When Maryland lost its lawsuit Tuesday to recover the costs of removing asbestos from public buildings, Jay S. Steinberg chalked up another jury verdict in favor of the manufacturers of the notorious insulation material.
As editor of Asbestos Property Litigator Report, Mr. Steinberg has been monitoring the outcomes of similar court cases filed by county and city governments, school boards and universities since March 1985. The outcome of the Maryland case "puts the defense over by one: It was 16 up and 16 down," Mr. Steinberg said yesterday.
The Maryland lawsuit -- considered a landmark case when it was filed in 1984 -- represented the first time in the United States that a state government had tried to recover the enormous costs of removing asbestos material from public buildings.
The Anne Arundel County jury's verdict favoring three asbestos manufacturers came on the heels of another closely watched case, in the city of Boston. The defendants there also won a total victory.
But whether the recent trend in favor of asbestos manufacturers will continue in upcoming cases, including three more in Maryland, is a tossup, say lawyers on both sides of the issue.
"The verdicts have gone both ways," said Assistant Attorney General Janet E. LaBella, the state's lawyer in the asbestos case. "I'm not sure you can take one trial or even two trials and project from that what's going to happen in all property damage cases and say 'now we have a trend here of defense verdicts.' "
The upcoming Maryland cases will involve "somewhat different facts, with a different jury and a different judge," said defense attorney George A. Nilson. But he said the lawyers representing the city of Baltimore and Baltimore and Anne Arundel counties will surely recognize -- "deep down inside" -- that "the state lawyering was very good, that the products were the same and if the jury system works, the result will be the same."
Mr. Steinberg, whose Philadelphia-area publication monitors asbestos property damage cases, attributes the slight shift favoring asbestos manufacturers to new Environmental Protection Agency guidelines on the removal of asbestos.
"In the last six months, the EPA put out another guidebook . . . TTC saying in a nutshell [that] you're going to cause more problems by ripping it out," said Mr. Steinberg. "Basically, if you leave it alone, if it's encased in cement and similar situations where there's no chance to deteriorate or break down into fibers, which people can inhale, then what's the beef?"
The danger posed by two asbestos products -- spray fireproofing and acoustical ceiling plaster -- in Maryland public buildings certainly was a key issue in the Anne Arundel County jury's two days of deliberations.
"There was not sufficient evidence in the courtroom that these particular materials, even though they contained asbestos, were dangerous," said jury foreman Robert M. Vukovich, 47, of Odenton. "Just because a material contains asbestos does not mean it's hazardous."
When Circuit Judge Raymond G. Thieme Jr. instructed the jury in the Maryland case, he set the parameters for their discussion on the product's danger.

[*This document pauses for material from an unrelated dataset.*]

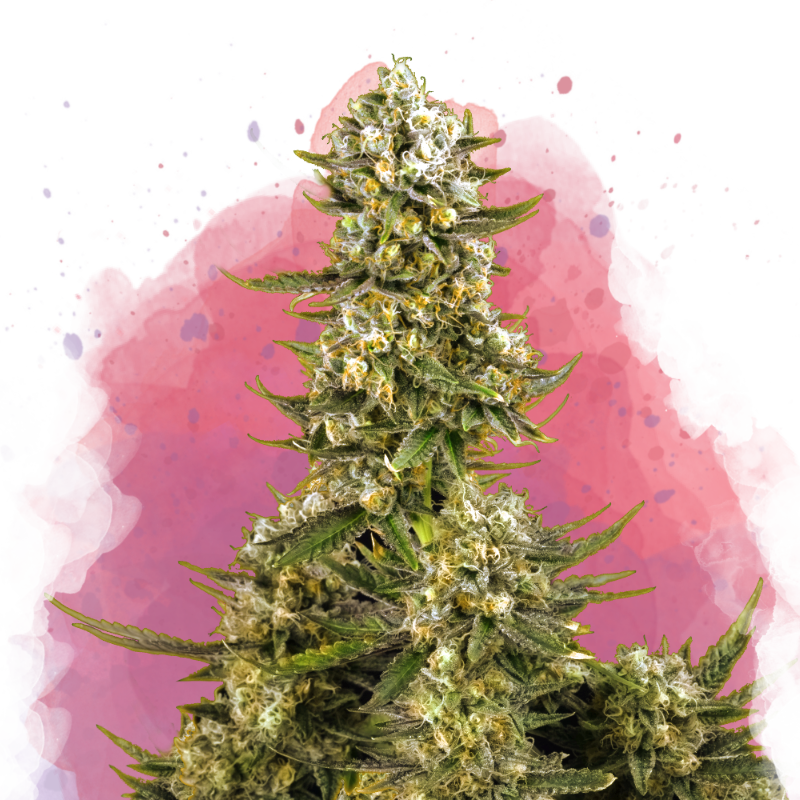 Super Silver Haze Feminized - Nirvana Shop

The jury had to determine whether the danger of the product outweighed the "usefulness and desirability" of the product," an instruction that favored the defendants.
Although the city of Baltimore will be facing some of the same defendants and products, there's no way to know if the jury will review similar evidence or receive similar instructions when they deliberate.
Maryland's case was rare in that the defendants argued that the state knew as much about the dangers of asbestos between 1941 and 1979 as the manufacturers did, and that the state continued to use asbestos products in its building materials.
Carl E. Tuerk Jr., the lawyer representing the city of Baltimore, said he expects that the asbestos manufacturers will raise a similar argument when the city's case goes to trial Sept. 23.
But, Mr. Tuerk insisted, "The factors are different in our case." He declined to elaborate.
"None of these cases demonstrate anything other than that this particular set of facts" persuaded a jury, he said.
The stakes, however, are just as high.
State and local governments have spent millions of dollars to remove or contain asbestos in their buildings. The state had hoped to recover at least $17 million from asbestos manufacturers when it went to trial. Now, after spending six years and $6 million on its legal fight, the state is left with only the $1 million-$2 million it received through settlements with asbestos manufacturers. The state has not yet decided whether to appeal the case.
The city of Baltimore has estimated its claim against asbestos manufacturers at $135 million, but Mr. Tuerk maintains that the figure is still in flux. The Sept. 23 trial is seven months away and the city already has spent nearly $2 million in legal fees.
Baltimore County's case goes to trial May 20. The county's lawsuit also involves some of the same defendants and products, said attorney Stephen J. Nolan. The county has reached "a compromise" settlement for removal and replacement costs on ceiling tile and surface treatment products, Mr. Nolan said. But the actual amounts will remain secret until the trial ends.
The first phase of the Anne Arundel County case goes to trial in November.